=== Your task ===
The answer should hold only the lines from the beginning of the listing below to the line containing "Finales Plakat Design", both included, with every picture left out.

=== The data ===
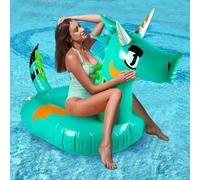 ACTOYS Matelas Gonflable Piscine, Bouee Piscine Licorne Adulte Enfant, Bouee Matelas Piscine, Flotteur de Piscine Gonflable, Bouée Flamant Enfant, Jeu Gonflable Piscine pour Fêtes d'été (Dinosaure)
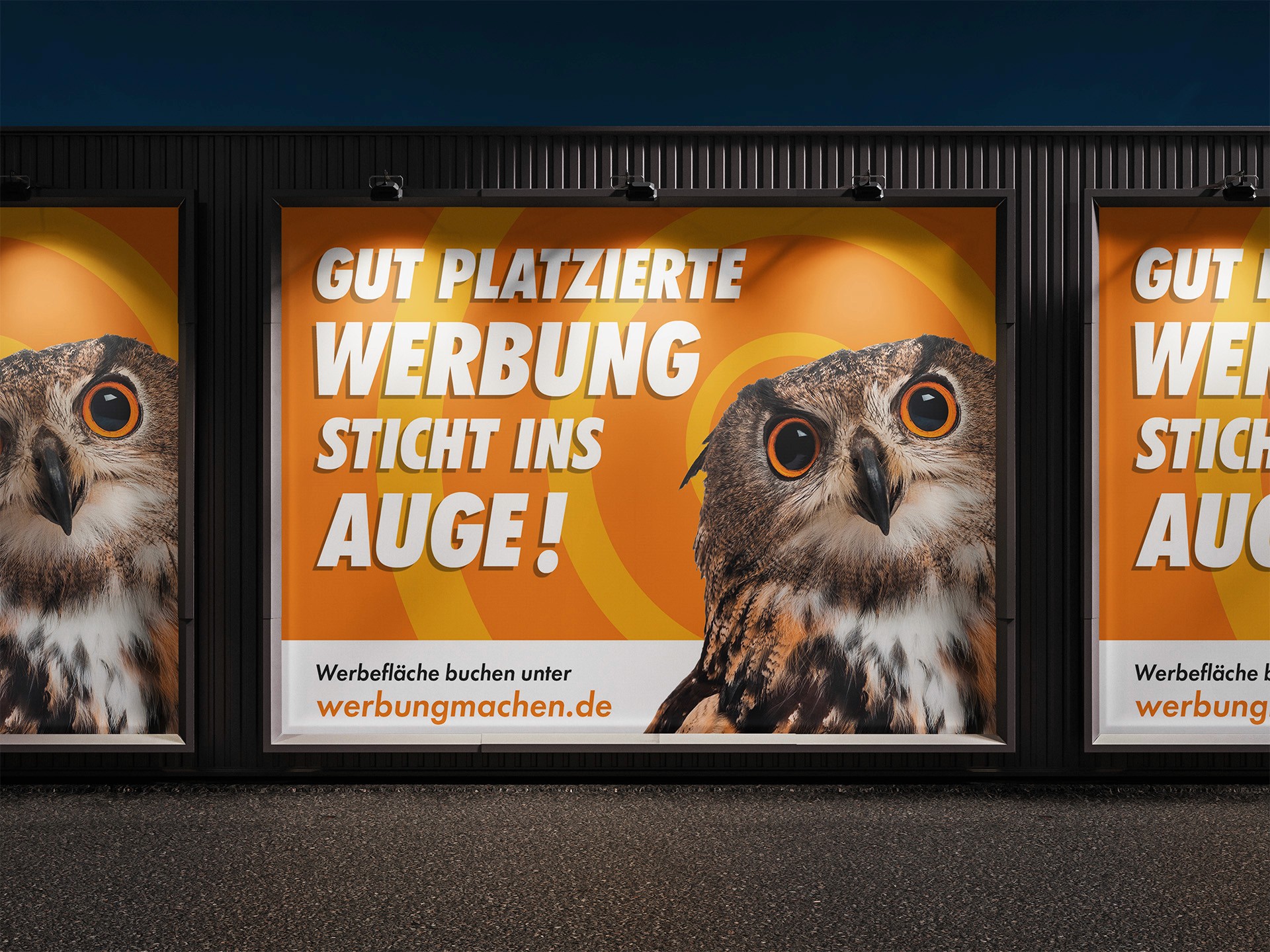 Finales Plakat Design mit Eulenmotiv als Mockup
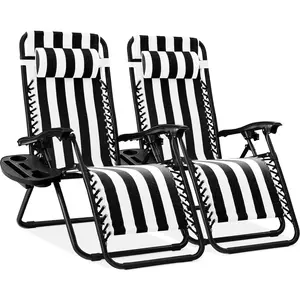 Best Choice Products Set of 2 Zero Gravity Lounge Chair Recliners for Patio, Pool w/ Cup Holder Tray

=== Task result ===
 ACTOYS Matelas Gonflable Piscine, Bouee Piscine Licorne Adulte Enfant, Bouee Matelas Piscine, Flotteur de Piscine Gonflable, Bouée Flamant Enfant, Jeu Gonflable Piscine pour Fêtes d'été (Dinosaure)
 Finales Plakat Design mit Eulenmotiv als Mockup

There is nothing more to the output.